Simply, they are more motivated than we are as any casual understanding of Public Choice Theory makes clear:
Second, public and private choice processes differ, not because the motivations of actors are different, but because of stark differences in the incentives and constraints that channel the pursuit of self-interest in the two settings.
Basically, each individual libertarian has little to gain from squelching the Left’s grab for power. Each Leftist who takes control has a huge amount to gain, for instance, as much as 1/6 of our national economy in the case of ObamaCare.
And, yet, we’re mad as hell and if enough of us are then the political center shifts towards libertarian ideals.
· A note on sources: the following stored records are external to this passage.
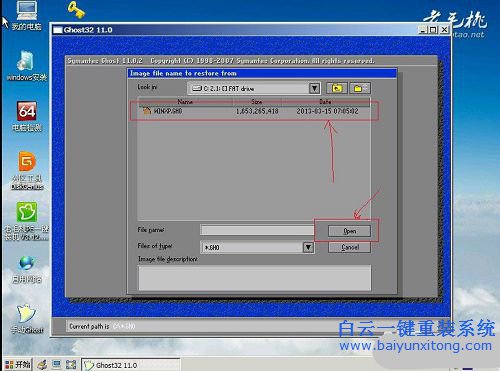 聯(lián)想Ideapad 120S-14筆記本電腦安裝win7系統(tǒng)步驟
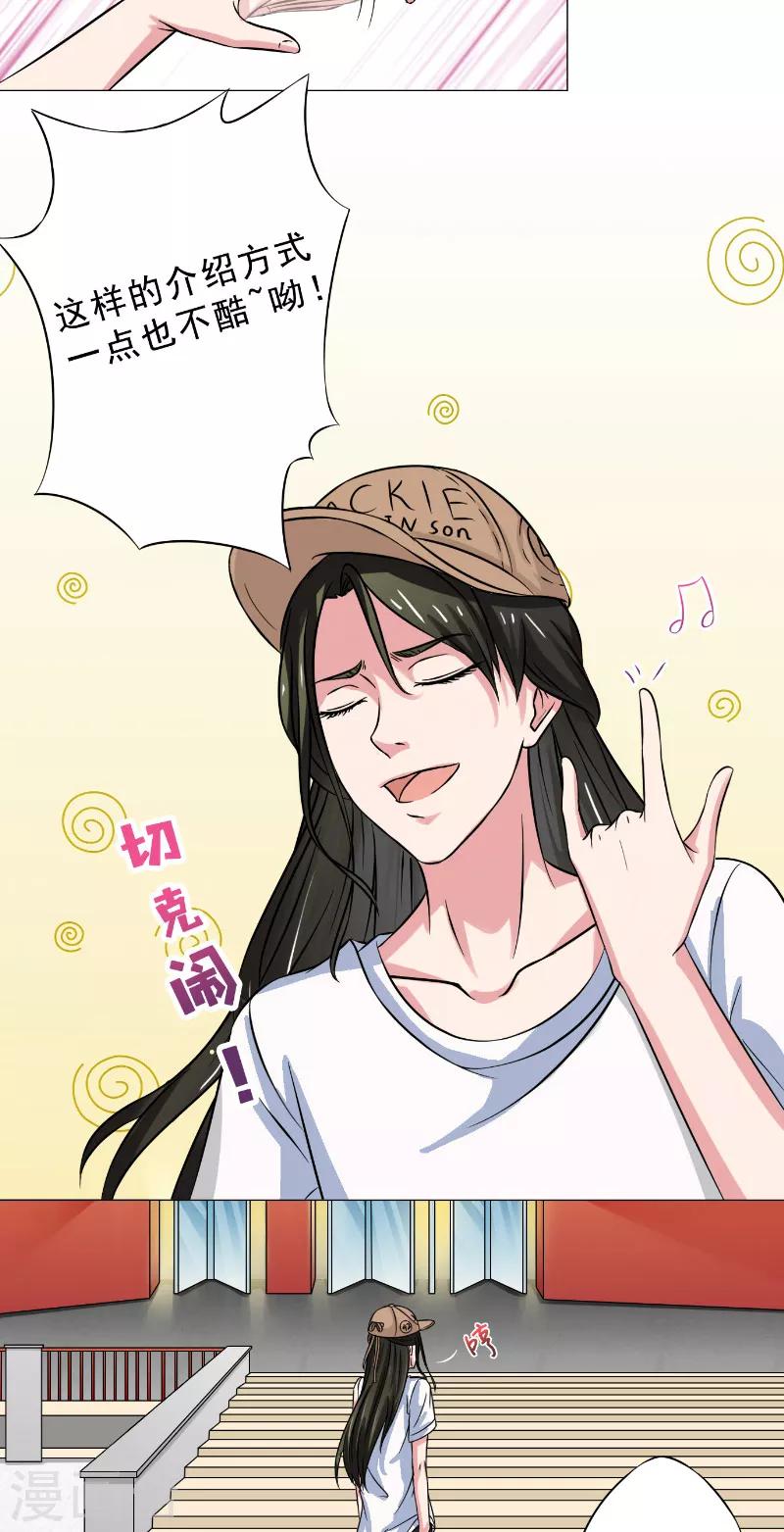 第21话 针锋相对的表哥14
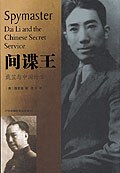 间谍王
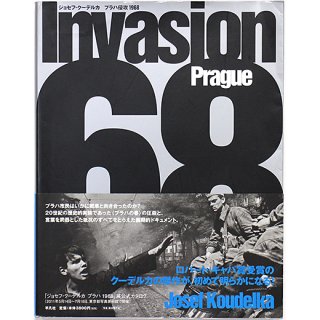 <img class='new_mark_img1' src='https://img.shop-pro.jp/img/new/icons58.gif' style='border:none;display:inline;margin:0px;padding:0px;width:auto;' />ジョセフ・クーデルカ プラハ侵攻 1968　Josef Koudelka: Invasion Prague 1968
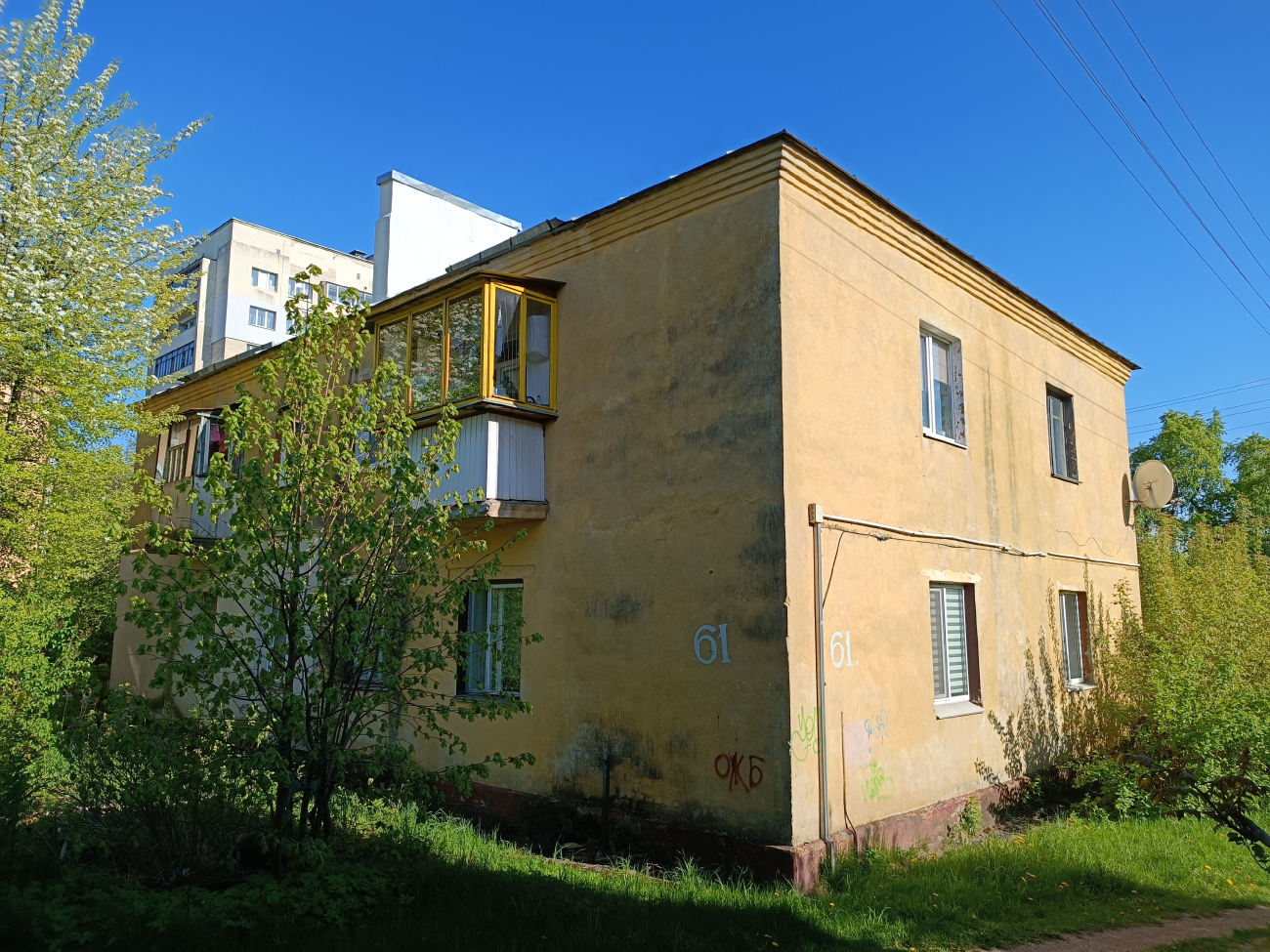 Минск, Запорожская улица, 61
Trevor Loudon also pushed on the idea that libertarian isolationism would eventually lead to the destruction of the United States. In this I stand apart from most libertarians and agree with him. As far as I am concerned it’s a matter of freedom of contracts and breach of contracts.
If my friend and I have been having a mutually profitable endeavor, there is nothing wrong with me making an additional contract with her that says “If you are attacked I will defend you. In fact let’s tell all our associates that that is what we will do.”
In such a world, violence is decreased because the cost of violence increases.
I believe this contract can and should extend to nations as well.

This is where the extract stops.